Fast-forward a whole bunch of years, and in 2004, I dusted off critical points and hit points for my D&D 3.5e campaign. An updated take on those rules was inspired by my reading (and taking the useful improvement of using Constitution score as a baseline for critical points from) the vitality and wound points system in the 3.5e Unearthed Arcana supplement, with that setup itself sourced from the d20 Star Wars RPG. Then when one of my 3.5e campaigns became the initial test bed for CORE20 (or d20 CORE as the initial house rule experiments were called), critical points and defense points were ready to go.

Critical Thinking

The CORE20 hit point setup using critical points and defense points does a whole bunch of the things in the game, all by design. Chief among those is that it makes critical hits really freaking exciting when it’s the player characters hitting their enemies — and it makes critical hits really freaking scary when it’s the enemies critting the characters. Because a character will absolutely go down when their critical points drop to 0, even if they’ve got a ton of defense points remaining, the first critical hit in a combat encounter can throw everything into upheaval. Especially for non-martial characters who don’t have a ton of critical points or easy access to temporary hit points as a buffer, a character taking a critical hit can necessitate a huge change in tactics, as that character taking a second critical hit becomes a thing the whole party needs to worry about.

Another thing that critical points and defense points do is make starting characters and lower-tier enemies more robust than the standard that D&D has long applied to low-level characters and their foes. Because all creatures have critical points built on their baseline Constitution score, that’s an average 10 hit points for every starting character and every worldborn NPC, even before monster math and feat selection build that up. Creating a 4 hit point wizard in CORE20 is technically possible, but you’d have to seriously work at it.
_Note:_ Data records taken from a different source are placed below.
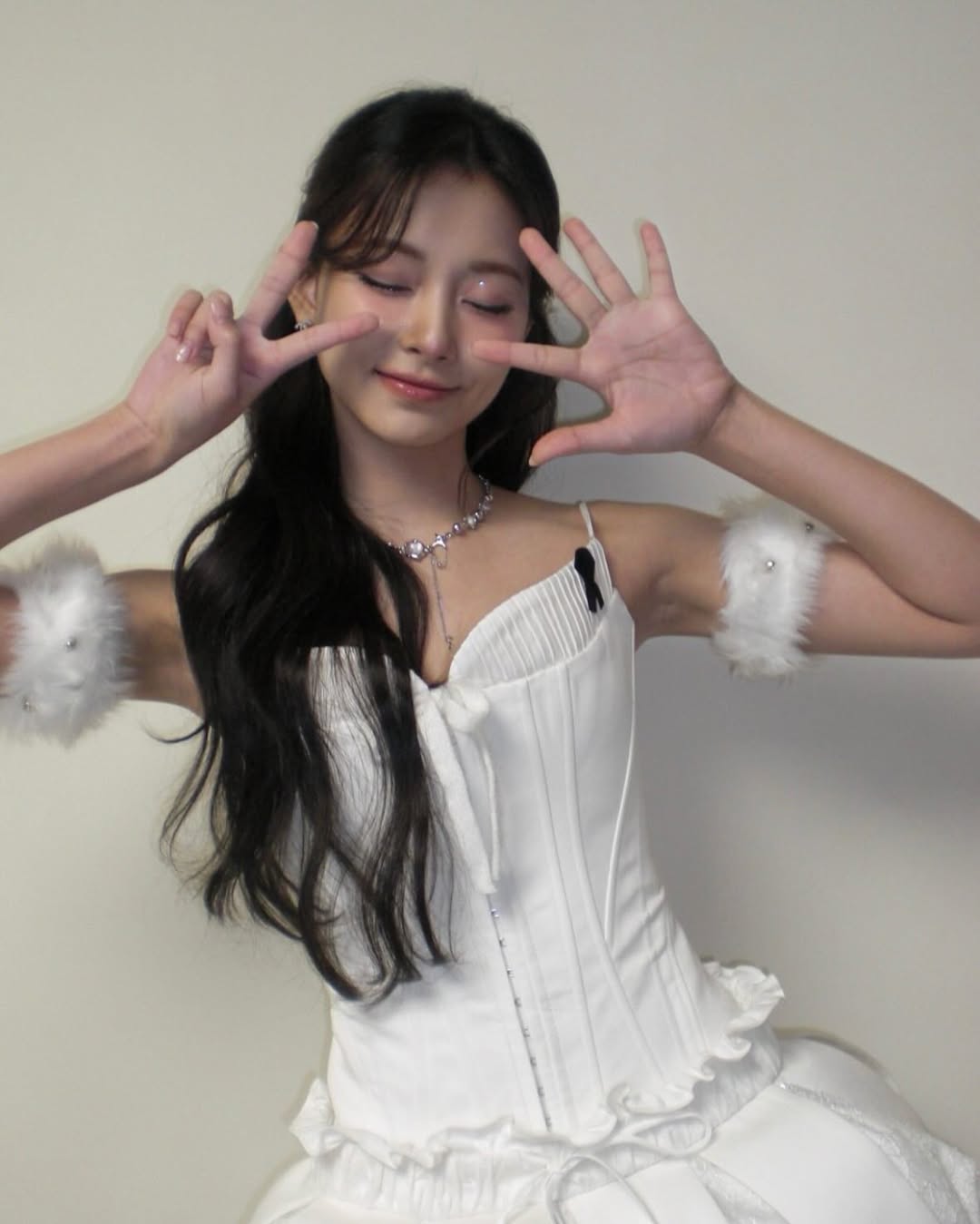 Post image  of TWICE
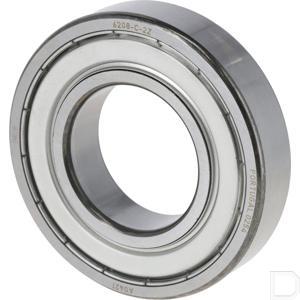 6208zz_2.jpg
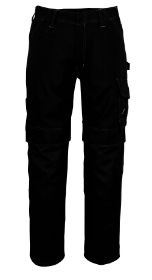 Show details for MASCOT HOUSTON TROUSERS Picture of MASCOT HOUSTON TROUSERS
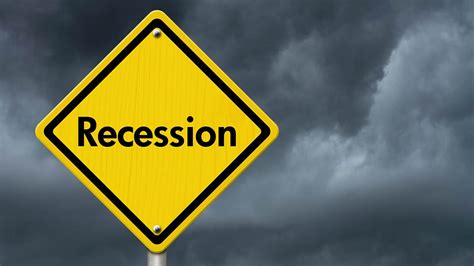 Why you should start an online business in a recession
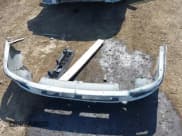 ✅ 2003 Subaru Impreza WRX • VIN: JF1GG29613G800367 • Lot: 43230888. Listed on IAAI with 203,994 mi. Free auction sales archive from the USA and detailed vehicle history report at DreamBid. Image 12.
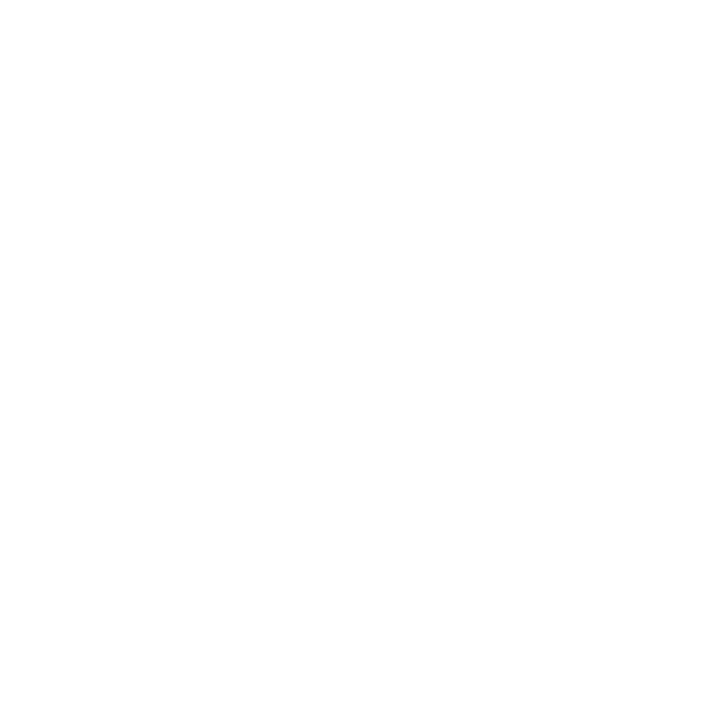 100_Natuerlich_white.png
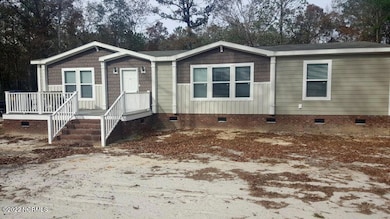 271749929_305906741494089_36322585352489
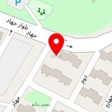 حجاب سرا و مزون صبا
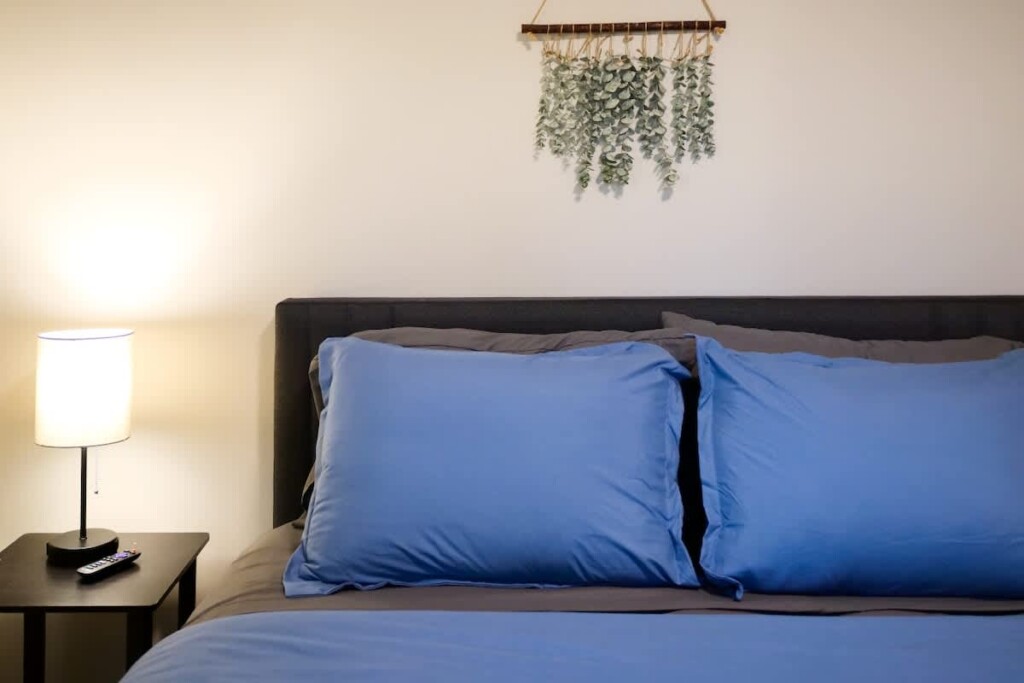 b8dd2a1d 2c1c 43 K a7Y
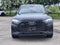 2023 Audi Q5 Sportback S line Premium Plus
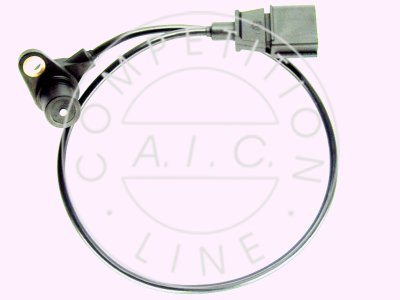 Senzor impulsuri, arbore cotit 51568 AIC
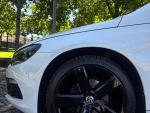 volkswagen-scirocco-2-0-tdi-2013-diesel-1968cc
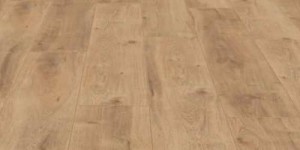 Ламинат Villeroy & Boch Cosmopolitan Baltimore Oak (VB 827 V)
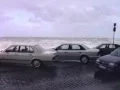 Storm Oostende Februari 1993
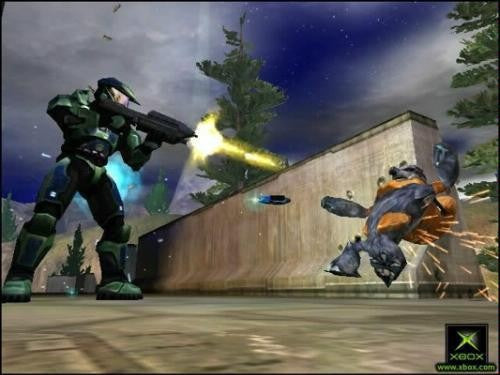 Halo: Kampf um die Zukunft (DE)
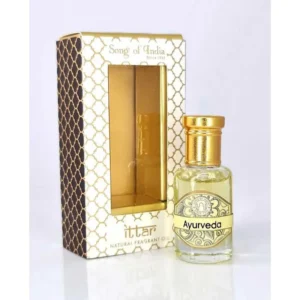 Attar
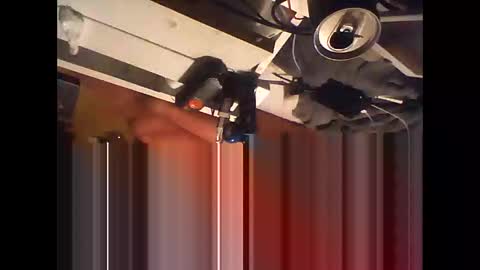 Snapshot of olivier_21 chatting on 11-30-25, 12:09 olivier_21 online show from 11-30-25, 12:09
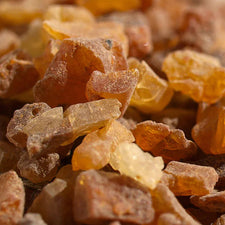 Myrrh (Thin) Essential Oil alter image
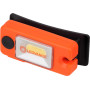 Ліхтар налобний 1.3W 80lm 6500K 250mAh 64x29.5х25mm [4099854175701] Headl Rech Multi Ledvance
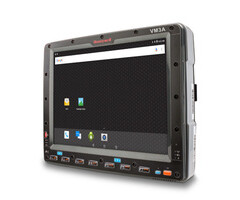 Honeywell Honeywell Thor VM3A, BT, Wi-Fi, Android, 12,1 inch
As a result, even starting characters not focused on standing at the center of combat each and every encounter have an excellent chance of surviving their starting adventures.

Monsters likewise get a hit point boost from their default critical points. As an example, consider the lowly stirge — a creature weighing in at a mighty 5 hit points from AD&D 1e through 3.5e, before budget cutbacks reduced them to 2 hit points for 5e. At 5 critical points and 10 defense points, the CORE20 stirge is relatively weak even for a tier 0 creature (because Tiny and smaller creatures gain only part of their Constitution score as critical points). But in a combat where a 9/5 hit point arcanist takes on a 5/10 hit point stirge, both have a damage buffer that can make the fight more interesting.

One of the things I’ve long observed and been often frustrated by is that lower-level combat encounters in D&D can too easily swing wide one way or the other if all of one side acts first in the initiative order. When the characters all go first, the six foes they’re facing are suddenly three foes before the enemy side gets to act, and the fight is a rout. If all the monsters go first, half the characters start the fight bloodied or one character starts out already down and dying, and the party’s planned tactics go out the window to prioritize healing. But by having just a little bit of a hit point buffer, those sorts of first-round “Whoops!” moments become less likely.

As well, another benefit of lower-tier characters and creatures in CORE20 being a bit more robust is that it gives players and GMs options for getting out combat when one side would normally just demolish the other. Using the stirge as an example, with 2 hit points in 5e, one successful attack against a stirge slurping on a character all but automatically ends with a dead stirge. But with the 5/10 hit point CORE20 stirge, the GM often has the option to say, “You smash the stirge soundly, making them decide to take their 3 remaining critical points and fly off.” Likewise, just as starting characters being one-shot by ogres is less of a thing in CORE20 than in D&D, starting characters one-shotting bandits and cultists becomes a touch less likely unless that’s something the characters are interested in doing. In games with players who don’t automatically want to kill every creature they meet, this can be a good thing.